══ GIVEN RECORDS ══
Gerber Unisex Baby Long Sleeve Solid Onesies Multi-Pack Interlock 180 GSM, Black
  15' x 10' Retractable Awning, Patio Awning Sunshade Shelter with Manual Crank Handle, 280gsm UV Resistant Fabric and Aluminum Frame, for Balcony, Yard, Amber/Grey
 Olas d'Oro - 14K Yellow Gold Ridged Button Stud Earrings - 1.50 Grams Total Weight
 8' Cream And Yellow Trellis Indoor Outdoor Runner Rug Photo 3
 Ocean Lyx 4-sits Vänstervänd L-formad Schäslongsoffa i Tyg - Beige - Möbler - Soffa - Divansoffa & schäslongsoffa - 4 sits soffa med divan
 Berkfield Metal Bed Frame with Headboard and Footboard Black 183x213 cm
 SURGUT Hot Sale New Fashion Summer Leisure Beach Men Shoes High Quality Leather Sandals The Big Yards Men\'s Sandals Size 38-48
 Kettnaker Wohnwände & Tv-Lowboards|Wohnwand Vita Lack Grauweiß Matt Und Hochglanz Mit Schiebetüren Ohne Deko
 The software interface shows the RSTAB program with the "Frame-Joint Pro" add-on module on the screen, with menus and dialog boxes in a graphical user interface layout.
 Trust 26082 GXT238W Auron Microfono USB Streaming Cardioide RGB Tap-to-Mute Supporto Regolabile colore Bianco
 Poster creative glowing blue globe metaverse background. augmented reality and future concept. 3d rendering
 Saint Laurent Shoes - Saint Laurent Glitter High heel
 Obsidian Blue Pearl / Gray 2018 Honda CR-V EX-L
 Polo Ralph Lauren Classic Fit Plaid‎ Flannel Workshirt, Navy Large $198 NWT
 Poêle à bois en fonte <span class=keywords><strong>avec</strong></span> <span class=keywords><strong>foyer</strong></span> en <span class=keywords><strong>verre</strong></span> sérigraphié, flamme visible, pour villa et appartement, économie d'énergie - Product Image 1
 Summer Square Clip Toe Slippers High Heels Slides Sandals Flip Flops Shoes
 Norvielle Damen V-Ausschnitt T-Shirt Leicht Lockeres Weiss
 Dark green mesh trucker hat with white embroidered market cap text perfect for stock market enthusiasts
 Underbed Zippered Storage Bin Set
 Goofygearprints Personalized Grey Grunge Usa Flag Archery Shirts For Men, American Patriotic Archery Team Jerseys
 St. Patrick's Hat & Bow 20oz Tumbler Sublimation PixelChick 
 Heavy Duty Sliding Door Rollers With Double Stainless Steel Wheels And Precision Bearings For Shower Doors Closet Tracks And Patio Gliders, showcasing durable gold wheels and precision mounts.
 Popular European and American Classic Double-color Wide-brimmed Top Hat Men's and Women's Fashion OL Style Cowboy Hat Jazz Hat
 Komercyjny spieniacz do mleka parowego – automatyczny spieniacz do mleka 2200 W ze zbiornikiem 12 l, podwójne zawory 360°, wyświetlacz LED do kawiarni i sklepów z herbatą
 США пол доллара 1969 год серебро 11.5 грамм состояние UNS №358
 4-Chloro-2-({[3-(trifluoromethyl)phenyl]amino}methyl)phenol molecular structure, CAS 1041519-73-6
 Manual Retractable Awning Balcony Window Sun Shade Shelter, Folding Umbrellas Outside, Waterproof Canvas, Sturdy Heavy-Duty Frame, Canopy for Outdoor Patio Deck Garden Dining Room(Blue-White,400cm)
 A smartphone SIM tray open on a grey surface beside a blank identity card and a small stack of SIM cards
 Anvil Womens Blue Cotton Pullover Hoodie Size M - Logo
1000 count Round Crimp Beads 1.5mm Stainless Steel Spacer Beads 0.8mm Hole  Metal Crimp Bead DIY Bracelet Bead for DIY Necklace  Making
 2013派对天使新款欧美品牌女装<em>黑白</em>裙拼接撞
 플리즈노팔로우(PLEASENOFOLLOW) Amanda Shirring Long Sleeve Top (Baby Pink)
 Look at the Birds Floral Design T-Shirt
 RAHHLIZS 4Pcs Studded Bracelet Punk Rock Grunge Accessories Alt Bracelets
═══
> [EXERCISE REQUIREMENTS]: Lines with "American": return each one from the data above.

> [WRITTEN ANSWER]:
 Goofygearprints Personalized Grey Grunge Usa Flag Archery Shirts For Men, American Patriotic Archery Team Jerseys
 Popular European and American Classic Double-color Wide-brimmed Top Hat Men's and Women's Fashion OL Style Cowboy Hat Jazz Hat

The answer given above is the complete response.